Deleveraging – reduce pro forma net debt to equity ratio from 0.72x to 0.64x by end 2020
Mr Lee Chee Koon said: “We take a three-bucket approach to recycle capital. Bucket one pertains to assets or markets where we may not be competitive in and are unable to add meaningful scale; we will then consider to exit these markets or asset classes. Bucket two pertains to assets that have stabilised. Our priority is to inject these assets into our off-take vehicles or recycle them into the market. Bucket three pertains to assets that have opportunities for ramping up, rejuvenation or redevelopment. We will work hard on these assets to drive them into bucket two so that we have a pool of assets to continue to recycle. ROE is a function of asset turnover, so asset churn is important. With eight REITs under the enlarged Group, CapitaLand is expected to have greater flexibility and options for recycling its assets.”
Positive market sentiment – share prices outperform the broader market
Mr Andrew Lim said: “Market sentiment is an important indicator of how the general market feels of the proposed transaction. CapitaLand share price is up about 12% since the last trading day prior to the announcement of the transaction. The market has responded favourably. Share prices of both CapitaLand and Ascendas’ listed trusts have gone up by about 5%, outperforming the broader market2. When we signed the agreement, we locked in the price for the acquisition of the stakes in Ascendas’ REITs. As Ascendas’ REITs have gone up in value, shareholders get to capture the upside.”
Financial impact – immediately accretive to EPS and ROE
Mr Andrew Lim said: “It is important that we deliver a value-adding transaction in the short term and long term. EPS from the combination is 2.4% accretive from Day 1. ROE is up 4.6%. There is a slight NAV dilution on a per share basis. This is because we are issuing shares to the vendor Temasek at S$3.50, which is lower than our NAV per share at the time of the announcement. That is a mathematical output of issuing shares at S$3.50 per share. We believe the 4% dilution is modest enough for us to take that to shareholders as we believe we can make that back in short order.”
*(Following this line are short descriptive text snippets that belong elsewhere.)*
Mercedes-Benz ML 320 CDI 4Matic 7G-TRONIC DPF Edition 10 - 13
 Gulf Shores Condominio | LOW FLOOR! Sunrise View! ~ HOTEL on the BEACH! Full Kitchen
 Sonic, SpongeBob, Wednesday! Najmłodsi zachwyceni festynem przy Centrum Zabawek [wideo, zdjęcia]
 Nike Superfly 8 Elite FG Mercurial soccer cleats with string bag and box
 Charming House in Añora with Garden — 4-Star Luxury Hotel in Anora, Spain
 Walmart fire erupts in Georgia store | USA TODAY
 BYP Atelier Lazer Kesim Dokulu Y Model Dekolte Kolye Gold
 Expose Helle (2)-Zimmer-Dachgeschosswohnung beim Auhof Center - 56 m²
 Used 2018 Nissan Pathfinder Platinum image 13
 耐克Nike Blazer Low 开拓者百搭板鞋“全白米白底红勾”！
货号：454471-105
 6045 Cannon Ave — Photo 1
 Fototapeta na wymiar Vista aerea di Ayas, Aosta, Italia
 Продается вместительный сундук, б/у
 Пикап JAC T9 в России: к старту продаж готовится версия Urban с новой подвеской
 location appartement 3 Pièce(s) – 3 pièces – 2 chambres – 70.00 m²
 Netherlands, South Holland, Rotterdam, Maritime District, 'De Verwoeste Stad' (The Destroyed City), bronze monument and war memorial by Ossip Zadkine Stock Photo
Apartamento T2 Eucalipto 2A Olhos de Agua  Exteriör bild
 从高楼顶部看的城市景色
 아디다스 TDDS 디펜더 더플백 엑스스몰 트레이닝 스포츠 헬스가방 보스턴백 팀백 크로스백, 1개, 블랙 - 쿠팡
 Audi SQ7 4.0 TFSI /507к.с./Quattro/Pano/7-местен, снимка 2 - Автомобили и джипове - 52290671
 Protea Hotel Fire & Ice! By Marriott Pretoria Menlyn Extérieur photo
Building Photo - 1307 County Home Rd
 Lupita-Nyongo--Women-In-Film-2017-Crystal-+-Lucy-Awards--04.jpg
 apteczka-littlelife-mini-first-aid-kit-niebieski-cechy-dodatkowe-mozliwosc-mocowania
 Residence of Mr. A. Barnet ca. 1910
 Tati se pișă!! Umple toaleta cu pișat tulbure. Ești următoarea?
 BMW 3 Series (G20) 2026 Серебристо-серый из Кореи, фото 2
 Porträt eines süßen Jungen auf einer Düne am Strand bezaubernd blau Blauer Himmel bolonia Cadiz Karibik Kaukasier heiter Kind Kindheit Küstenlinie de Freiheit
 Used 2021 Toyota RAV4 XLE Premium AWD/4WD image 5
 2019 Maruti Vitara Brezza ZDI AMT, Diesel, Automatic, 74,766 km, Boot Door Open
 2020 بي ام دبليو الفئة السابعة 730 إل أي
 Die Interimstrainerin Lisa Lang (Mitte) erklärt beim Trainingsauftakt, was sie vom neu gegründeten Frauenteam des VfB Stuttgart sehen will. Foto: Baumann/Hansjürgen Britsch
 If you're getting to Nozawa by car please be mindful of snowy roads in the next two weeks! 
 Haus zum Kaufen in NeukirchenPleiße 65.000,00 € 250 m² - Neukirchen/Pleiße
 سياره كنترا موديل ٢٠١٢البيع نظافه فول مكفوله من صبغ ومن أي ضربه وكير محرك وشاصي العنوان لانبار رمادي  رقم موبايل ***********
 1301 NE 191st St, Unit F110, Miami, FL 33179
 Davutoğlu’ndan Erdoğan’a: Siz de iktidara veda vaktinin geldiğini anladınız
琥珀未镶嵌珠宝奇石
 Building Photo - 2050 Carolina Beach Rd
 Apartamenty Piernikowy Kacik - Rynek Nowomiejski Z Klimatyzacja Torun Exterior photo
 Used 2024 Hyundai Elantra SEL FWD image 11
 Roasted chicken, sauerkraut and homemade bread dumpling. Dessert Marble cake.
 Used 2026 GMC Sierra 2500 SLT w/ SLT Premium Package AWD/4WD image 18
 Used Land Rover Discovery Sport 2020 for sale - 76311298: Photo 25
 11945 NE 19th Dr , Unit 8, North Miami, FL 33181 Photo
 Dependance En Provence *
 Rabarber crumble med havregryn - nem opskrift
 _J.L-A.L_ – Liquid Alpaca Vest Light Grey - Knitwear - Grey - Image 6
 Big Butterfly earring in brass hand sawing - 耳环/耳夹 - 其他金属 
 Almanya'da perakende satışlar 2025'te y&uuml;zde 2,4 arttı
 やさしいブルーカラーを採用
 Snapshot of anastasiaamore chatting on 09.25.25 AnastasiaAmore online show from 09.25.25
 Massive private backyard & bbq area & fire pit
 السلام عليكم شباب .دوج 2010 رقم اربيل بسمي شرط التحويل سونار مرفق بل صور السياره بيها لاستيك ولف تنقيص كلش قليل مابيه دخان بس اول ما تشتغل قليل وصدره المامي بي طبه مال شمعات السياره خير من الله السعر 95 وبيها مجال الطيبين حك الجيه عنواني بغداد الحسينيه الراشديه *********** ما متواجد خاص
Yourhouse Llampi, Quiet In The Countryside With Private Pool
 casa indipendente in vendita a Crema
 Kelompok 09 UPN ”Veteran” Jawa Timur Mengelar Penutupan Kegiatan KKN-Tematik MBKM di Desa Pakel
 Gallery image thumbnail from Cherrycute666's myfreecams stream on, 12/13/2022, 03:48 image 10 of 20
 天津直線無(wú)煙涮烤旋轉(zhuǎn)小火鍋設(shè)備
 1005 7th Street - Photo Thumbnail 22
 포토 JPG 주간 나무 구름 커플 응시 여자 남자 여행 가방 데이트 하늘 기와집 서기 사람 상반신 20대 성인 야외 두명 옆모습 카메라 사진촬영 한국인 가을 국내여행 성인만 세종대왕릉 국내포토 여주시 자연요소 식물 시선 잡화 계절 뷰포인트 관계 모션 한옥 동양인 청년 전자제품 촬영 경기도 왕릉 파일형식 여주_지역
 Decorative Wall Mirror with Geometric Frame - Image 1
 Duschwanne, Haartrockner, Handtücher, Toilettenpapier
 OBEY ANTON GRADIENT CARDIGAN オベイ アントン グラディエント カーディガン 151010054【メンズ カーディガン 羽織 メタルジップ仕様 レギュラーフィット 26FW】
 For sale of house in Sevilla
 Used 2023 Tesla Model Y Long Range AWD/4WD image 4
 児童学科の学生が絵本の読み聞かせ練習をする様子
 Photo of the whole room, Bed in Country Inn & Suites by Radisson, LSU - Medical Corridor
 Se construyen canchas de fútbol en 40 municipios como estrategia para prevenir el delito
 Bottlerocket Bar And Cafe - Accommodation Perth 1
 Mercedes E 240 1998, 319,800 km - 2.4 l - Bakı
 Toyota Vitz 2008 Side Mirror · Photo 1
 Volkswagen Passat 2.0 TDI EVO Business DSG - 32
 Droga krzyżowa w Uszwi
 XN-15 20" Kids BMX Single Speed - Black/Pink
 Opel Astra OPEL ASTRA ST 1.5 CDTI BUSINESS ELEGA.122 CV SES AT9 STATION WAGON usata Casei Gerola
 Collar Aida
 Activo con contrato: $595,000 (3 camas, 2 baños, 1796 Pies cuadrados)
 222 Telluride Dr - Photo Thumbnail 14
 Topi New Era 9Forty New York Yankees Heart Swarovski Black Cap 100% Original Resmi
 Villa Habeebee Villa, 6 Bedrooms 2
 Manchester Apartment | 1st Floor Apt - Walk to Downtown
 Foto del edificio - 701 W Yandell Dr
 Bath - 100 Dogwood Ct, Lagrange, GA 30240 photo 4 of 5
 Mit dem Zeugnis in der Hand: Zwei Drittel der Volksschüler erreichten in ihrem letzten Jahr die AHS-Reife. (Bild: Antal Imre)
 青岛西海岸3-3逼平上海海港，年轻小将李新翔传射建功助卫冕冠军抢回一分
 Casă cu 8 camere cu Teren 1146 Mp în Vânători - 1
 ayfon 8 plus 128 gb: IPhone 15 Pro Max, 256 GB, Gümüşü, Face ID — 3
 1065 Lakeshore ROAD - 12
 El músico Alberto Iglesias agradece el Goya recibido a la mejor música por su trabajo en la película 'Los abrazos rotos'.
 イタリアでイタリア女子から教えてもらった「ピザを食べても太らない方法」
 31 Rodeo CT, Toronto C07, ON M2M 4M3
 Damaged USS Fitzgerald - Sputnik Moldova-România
Balance sheet strength – strong liquidity
Mr Andrew Lim said: “We want to give shareholders comfort that our balance sheet will remain strong. We have amassed liquidity of almost S$8 billion. This includes cash we have on hand and loans we have secured from banks. We will be paying S$3 billion in cash for the transaction. We have S$2.2 billion to be paid over the course of the next 12 months. We are left with almost S$3 billion of remaining liquidity for a rainy day and to fund potential opportunities that may emerge in the next 12 to 15 months. We want to assure shareholders that the balance sheet remains strong.”
 The proposed acquisition is subject to shareholders’ approval at an extraordinary general meeting to be convened on 12 April 2019.
 Ascendas’ REITs have gone up by 5.3% on average. The value increase on a total basis of S$225 million is the excess of value that has been created since the announcement date.